What is required » Taking the line with "AmeriLite Crystal Replacment" as the first and the line with "Woman Sitting on Top of Wooden Chair photo" as the last, set down the lines below exactly, pictures excluded.

Records supplied »
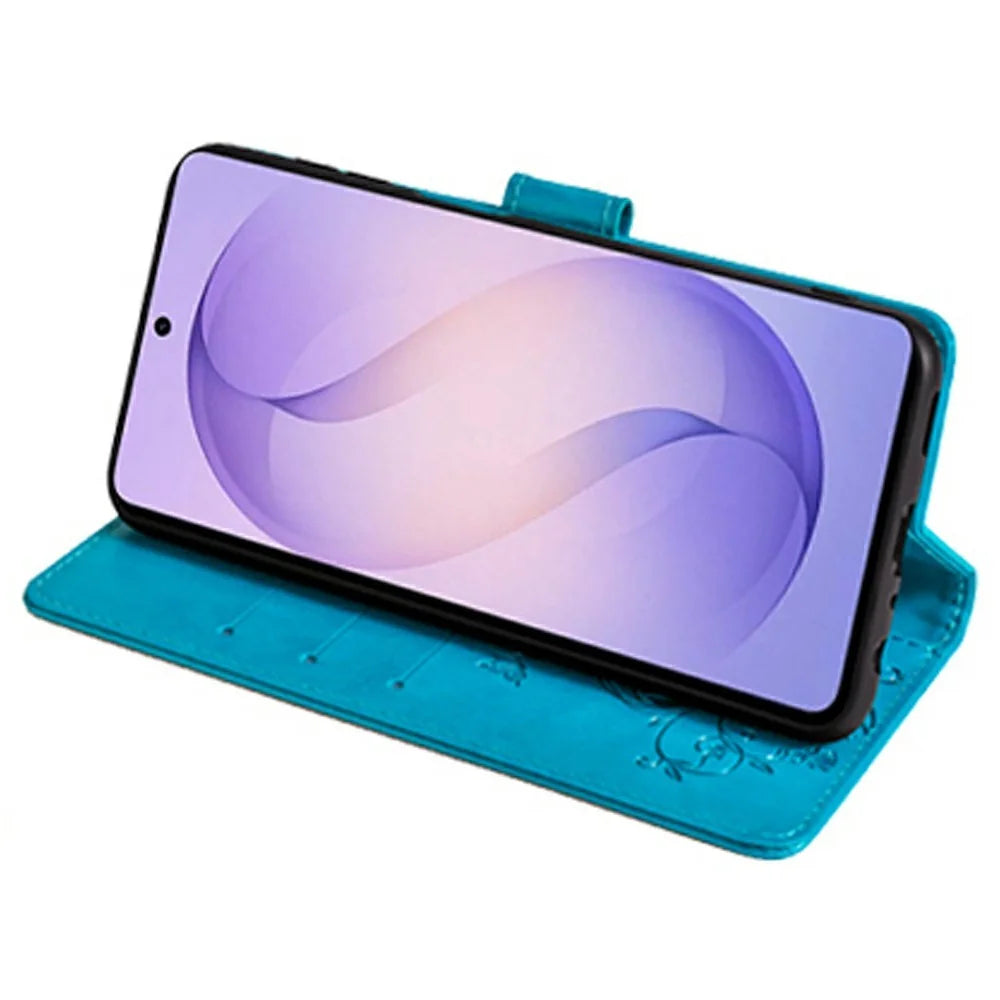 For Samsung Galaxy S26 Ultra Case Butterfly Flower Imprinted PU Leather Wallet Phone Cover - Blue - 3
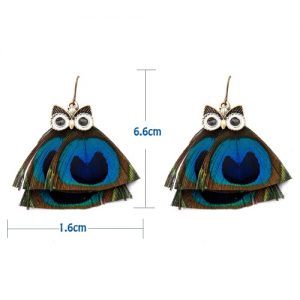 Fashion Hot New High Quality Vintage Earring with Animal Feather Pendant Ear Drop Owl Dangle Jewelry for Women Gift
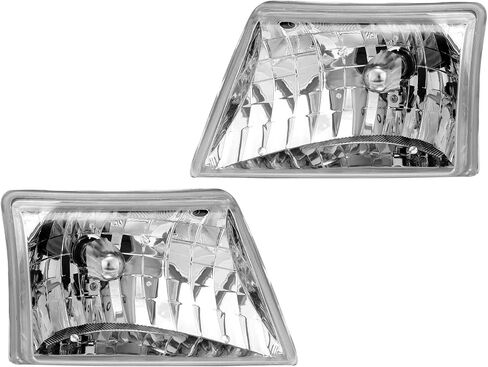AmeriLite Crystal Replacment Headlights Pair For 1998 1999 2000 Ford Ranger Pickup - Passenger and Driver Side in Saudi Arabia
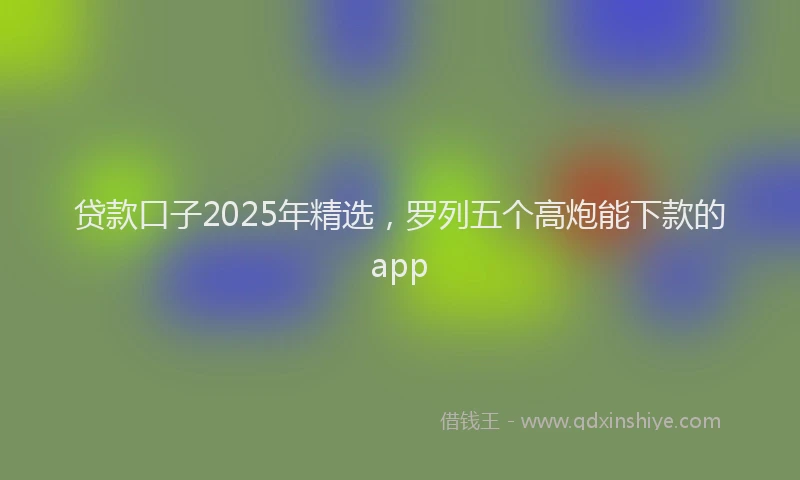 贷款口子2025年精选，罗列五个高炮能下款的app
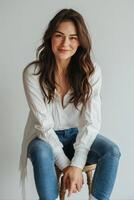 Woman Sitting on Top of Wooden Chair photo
--
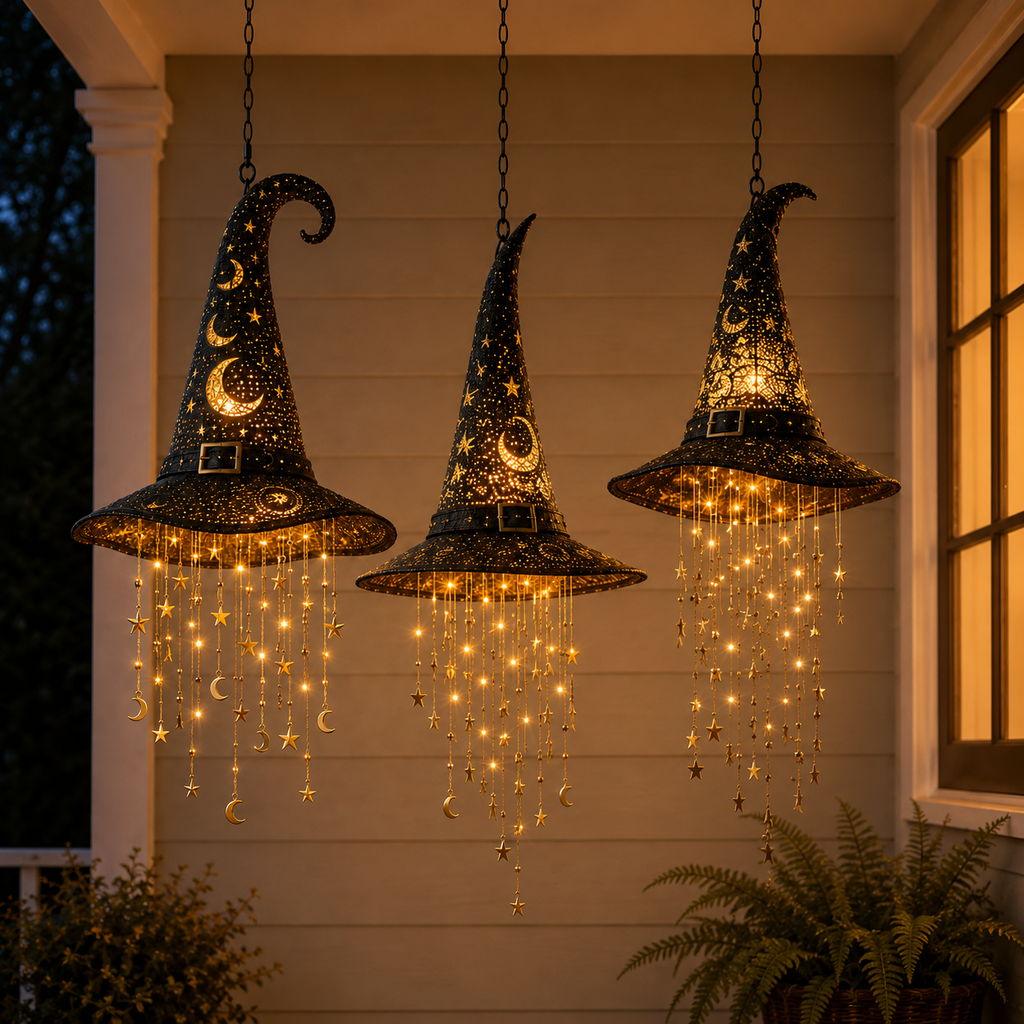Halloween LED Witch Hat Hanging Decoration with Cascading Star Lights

Solution to this task »
AmeriLite Crystal Replacment Headlights Pair For 1998 1999 2000 Ford Ranger Pickup - Passenger and Driver Side in Saudi Arabia
 贷款口子2025年精选，罗列五个高炮能下款的app
 Woman Sitting on Top of Wooden Chair photo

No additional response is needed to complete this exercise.